• Da Redação

22ª edição da Feira Nacional de Negócios do Artesanato segue até 17 de julho

O evento, que acontece no Centro de Convenções, em Olinda, conta com cerca de 5 mil expositores ocuparão uma área de 30 mil m²

Da Folha de Pernambuco

Foto: Paullo Almeida/Folha de Pernambuco


Artesanato, moda, gastronomia, música, artes visuais e cultura popular se encontram na 22ª edição da Feira Nacional de Negócios do Artesanato (Fenearte), que abre ao público até 17 de julho, no Centro de Convenções de Pernambuco. Realizado pelo Governo de Pernambuco, o evento homenageia o movimento Manguebeat, que completa 30 anos em 2022.

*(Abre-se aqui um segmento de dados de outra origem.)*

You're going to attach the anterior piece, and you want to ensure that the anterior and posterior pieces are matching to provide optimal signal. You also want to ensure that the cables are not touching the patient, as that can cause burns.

“Esse tema passa por todas as áreas da feira, desde o artesão que produz sua peça e faz referência ao movimento até os salões de arte”, garantiu Márcia Souto, coordenadora da feira e diretora de Economia Criativa da Agência de Desenvolvimento de Pernambuco (Adepe). Segundo a gestora, a programação deste ano foi desenvolvida com a colaboração de nomes que estão diretamente ligados ao Manguebeat.


O músico Fred Zero Quatro, um do manifesto “Caranguejos com Cérebro” e líder da banda Mundo Livre S/A, foi um dos que acompanhou o processo de elaboração desta edição. “Nada mais justo do que um grande evento como a Fenearte fazer essa homenagem. São três décadas de uma cena que trouxe um legado importante de autoestima, principalmente para a periferia”, defendeu.

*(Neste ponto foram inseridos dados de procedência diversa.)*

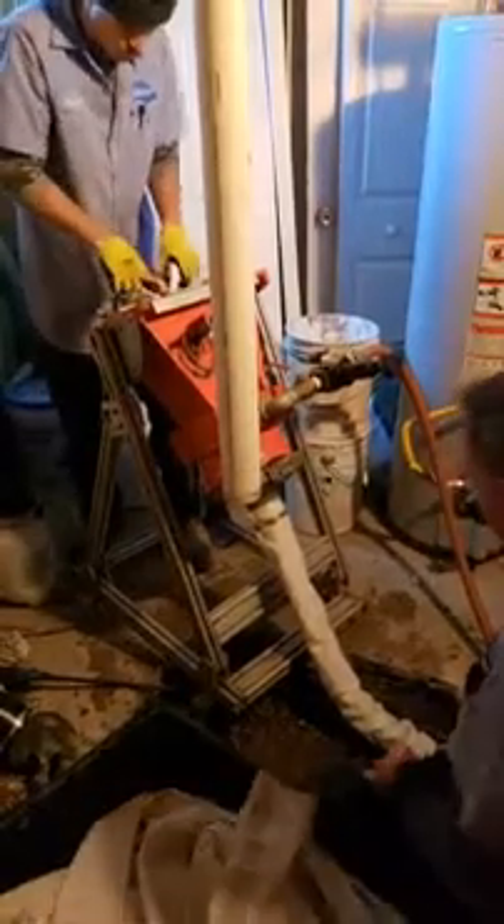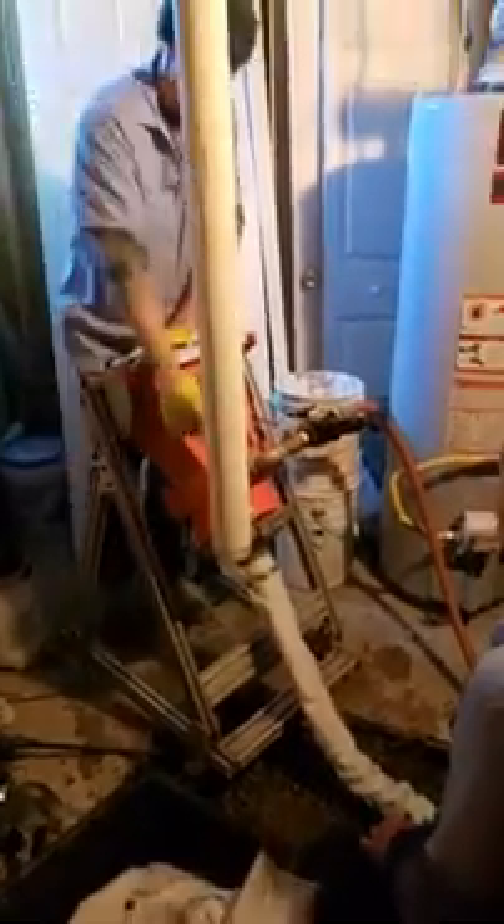One of the nice things about the quick shot is that in these tight little basements you can still get the job done. The liner is in now and they're going to install the calibration tube.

Para o percussionista Gilmar Bola 8, que foi um dos fundadores da Nação Zumbi, a homenagem prestada pela feira é o reconhecimento de um trabalho. “O que a gente queria naquele momento, há 30 anos, era mudar a cidade onde a gente vivia, mas não sabia até onde a gente chegaria”, comentou.

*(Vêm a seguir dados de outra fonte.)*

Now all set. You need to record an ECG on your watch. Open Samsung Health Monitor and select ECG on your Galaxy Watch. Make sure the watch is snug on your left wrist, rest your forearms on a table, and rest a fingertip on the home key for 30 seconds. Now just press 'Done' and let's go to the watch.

Ao longo de 12 dias, cerca de 5 mil expositores ocuparão uma área de 30 mil m². Além de visitar os estandes, os visitantes também poderão vivenciar uma extensa programação cultural, que tem como destaque as apresentações de Patrimônios Vivos de Pernambuco e de grupos de cultura popular de várias regiões do Estado. Também haverá shows de artistas como Barro, DJ Dolores, Okado do Canal, Barbarize e Bela Schneider.


Dando boas-vindas ao público, a Alameda dos Mestres reúne os mais tradicionais representantes do artesanato pernambucano. “Logo na entrada, você é recebido por esses 64 mestres, que estão lá não só para apresentar os seus trabalhos, mas também para conversar com os visitantes”, explicou Márcia.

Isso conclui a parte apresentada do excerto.